Marketing and extracting cash from travelers is an art fomr in Hawaii compared to probably any other place on earth. Everyone in Waikiki is on vacation and almost everyone is willing to open up their wallet a little more.
First of all we have to remember that when people go to Hawaii it is a little differnet then vacationers in Mexico. Mexico is full of all inclusive resorts and Hawaii seems to have none so the race to collect money from visitors is on the moment a visitor arrives at the Honolulu airport. We land and are at a loss for transportation so we stumble around with the crowd to a lineup for a $9 per person bus trip into town, I found another for $8 but with a family of four I was hoping for a cab, there were no cabs.
Food and Fun on Sale Now
The next morning we got up and there was at least someone on every block giving away flyers for restaurants, tours, and car rentals. You have to remember that there is still public transit that seems to be invisible through the car rental hype although really cheap, and everyone already has a hotel room so I saw no competition for that.

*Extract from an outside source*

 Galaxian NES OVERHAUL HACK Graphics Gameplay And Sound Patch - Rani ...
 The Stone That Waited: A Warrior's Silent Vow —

Every restaurant flyer had the headline of there food special but of course there was a lot more once you got inside the restaurant and no one mentioned the food special again so you had to remember it.

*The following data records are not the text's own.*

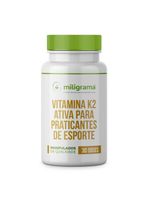 Vitamina k2 ativa para praticantes de esporte 30 doses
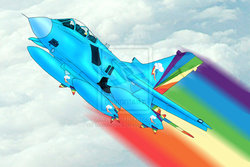 Size: 900x600 | Tagged: safe, artist:bloodwolf23, rainbow dash, g4, airplane dash, panavia tornado, plane, solo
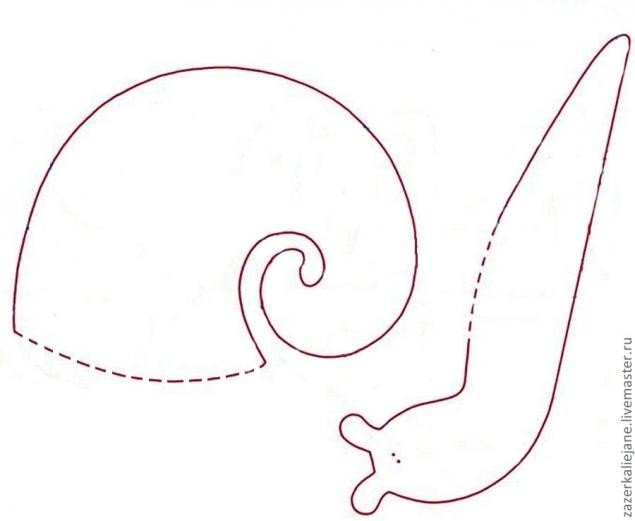 Textile Snail in Tilda Style
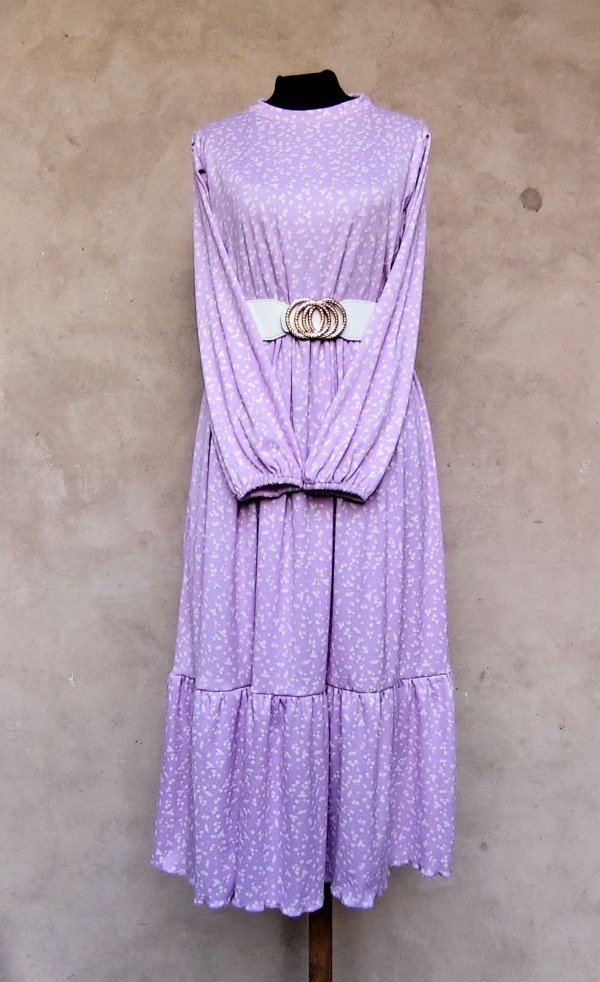 Producto - Vestido manga globo L  (Talle L a XXL)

With the tours the operators tried to entice people with packages of two or three different events at once so that they could give deals and still collect more money and therefore a slice of the tourist dollar.
A ride can be so much more
We went to Hanamah Bay, a coral bay with lots of snorkeling and as I was telling my daughter how you could get a piece of tourist dollar by offering taxi rides in your car to a destination and claiming the profit a gut did exactly that. A fellow came to a crowded bus stop while we were waiting for the $2 transit bus and offered to take people in half the time to Hanamah Bay for $5 with a short tour. The best one on the island he said. The trip was definitely worth it with a big value add of interaction with the 10 or so passengers in the minivan. The trip was a gas, partly education and partly entrainment and all he was really doing was driving us 25 minutes or so across town. The kids and the adults loved it and it was a great little extra cost that we felt good about.
Automation in marketing
One of the most interesting aha moments for me on the trip after i had seen that upteenth person giving me a flyer for an Hanauma Bay tour was the fact that everybody is a first timer in Hawaii at some point in their trip. I may not need that 10th flyer but the guy after me may have got into town an hour ago and is looking for some prepackaged stuff.

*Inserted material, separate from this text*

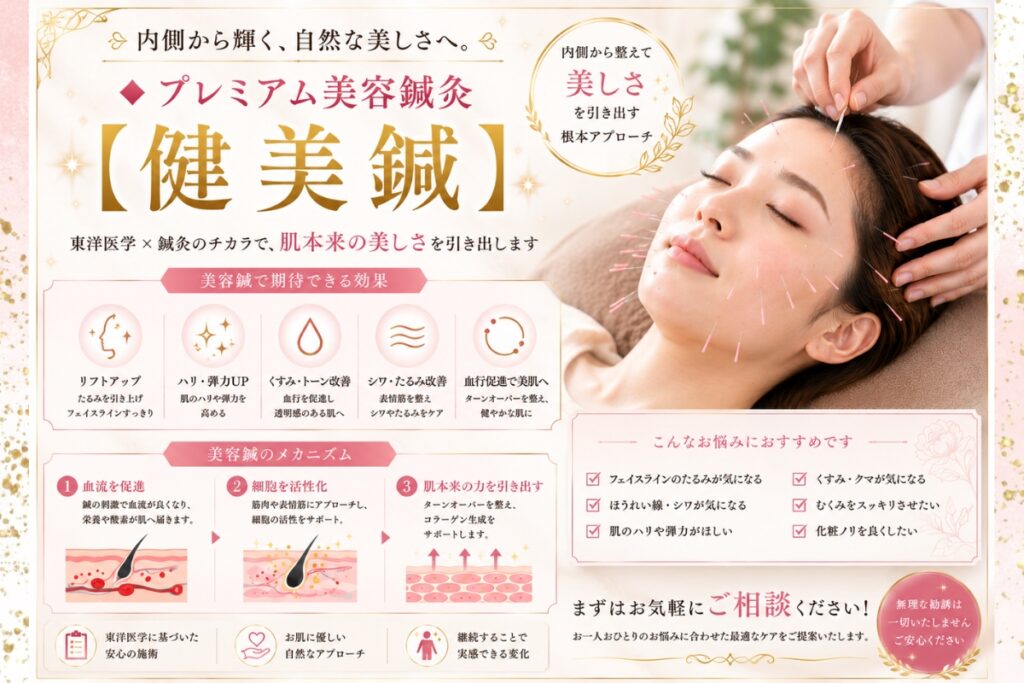 あはき整体治療院の健美鍼（美容鍼）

This whole process goes on every day of every year and once a company has it set up they just have to leverage people giving out flyers or using some other message to get the message out to new people on a daily basis.
If you try to look at vacationers to Hawaii I bet that you can make correlations to your own website. People show up to your website for the first time everyday. How are you making sure the visitors will come again? How are you distracting your long time visitors compared to first timers? Are you adding value so that your visitors are interested in your offers? And finally is your site memorable, are you cutting through all of the hype of your competition so that people do in fact want to come back to your message and your information?